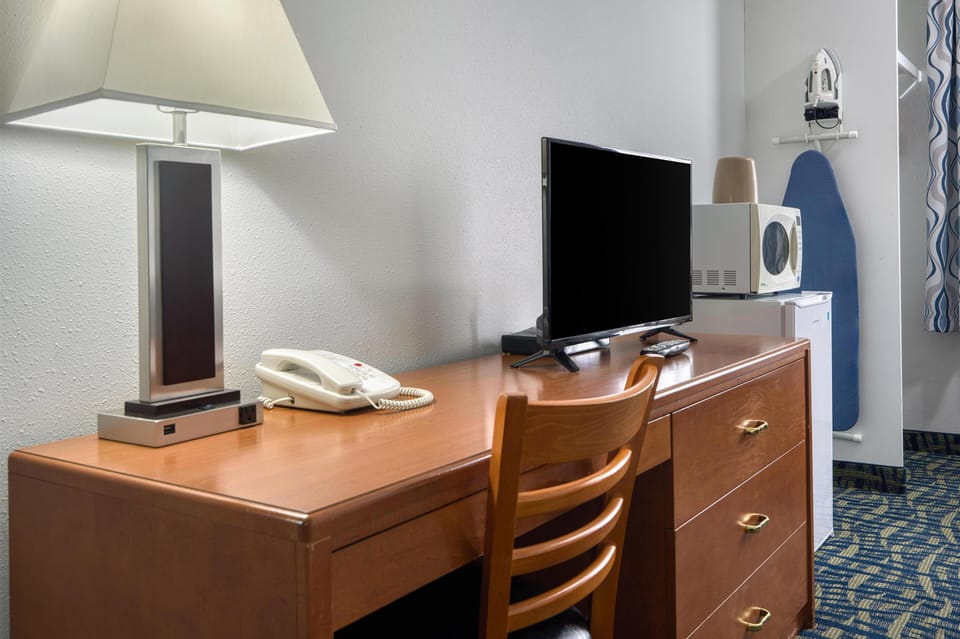 Standard Room, 1 Queen Bed, Non Smoking, Refrigerator & Microwave (Refrigerator & Microwave) | Desk, laptop workspace, blackout drapes, iron/ironing board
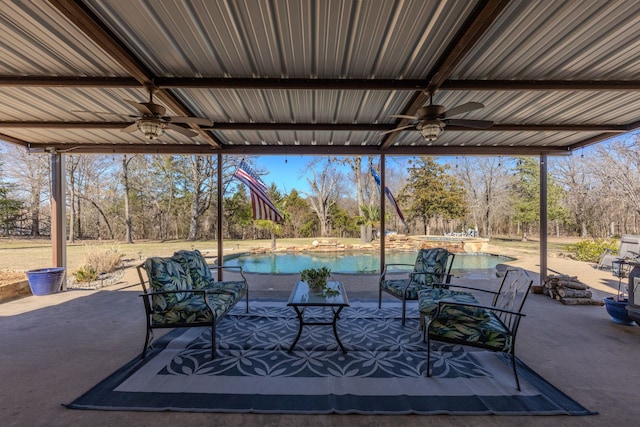 view of patio with an outdoor pool, a ceiling fan, and a hot tub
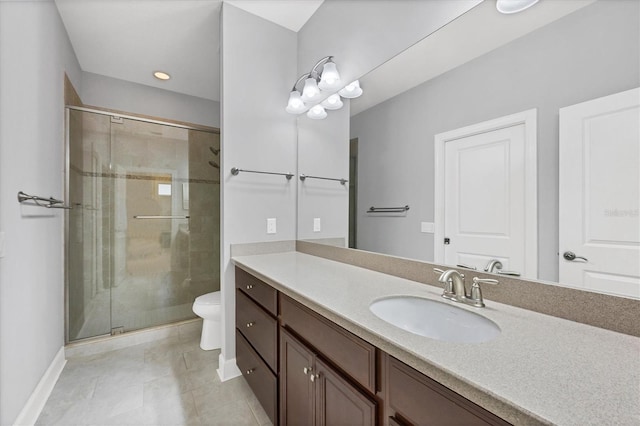 5117 Serata Dr, Bradenton, FL 34211 - full bathroom featuring vanity, toilet, a shower stall, tile patterned flooring, and baseboards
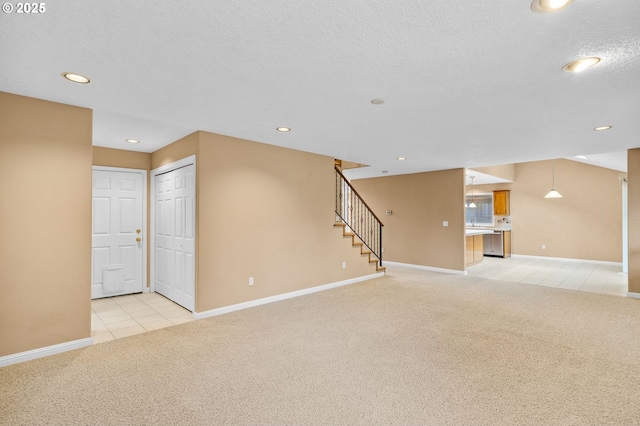 unfurnished living room featuring stairs, recessed lighting, baseboards, and light carpet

**What you have to do:** An exact copy of the listing is required; return it without any pictures.

**Response to the task:**
 Standard Room, 1 Queen Bed, Non Smoking, Refrigerator & Microwave (Refrigerator & Microwave) | Desk, laptop workspace, blackout drapes, iron/ironing board
 view of patio with an outdoor pool, a ceiling fan, and a hot tub
 5117 Serata Dr, Bradenton, FL 34211 - full bathroom featuring vanity, toilet, a shower stall, tile patterned flooring, and baseboards
 unfurnished living room featuring stairs, recessed lighting, baseboards, and light carpet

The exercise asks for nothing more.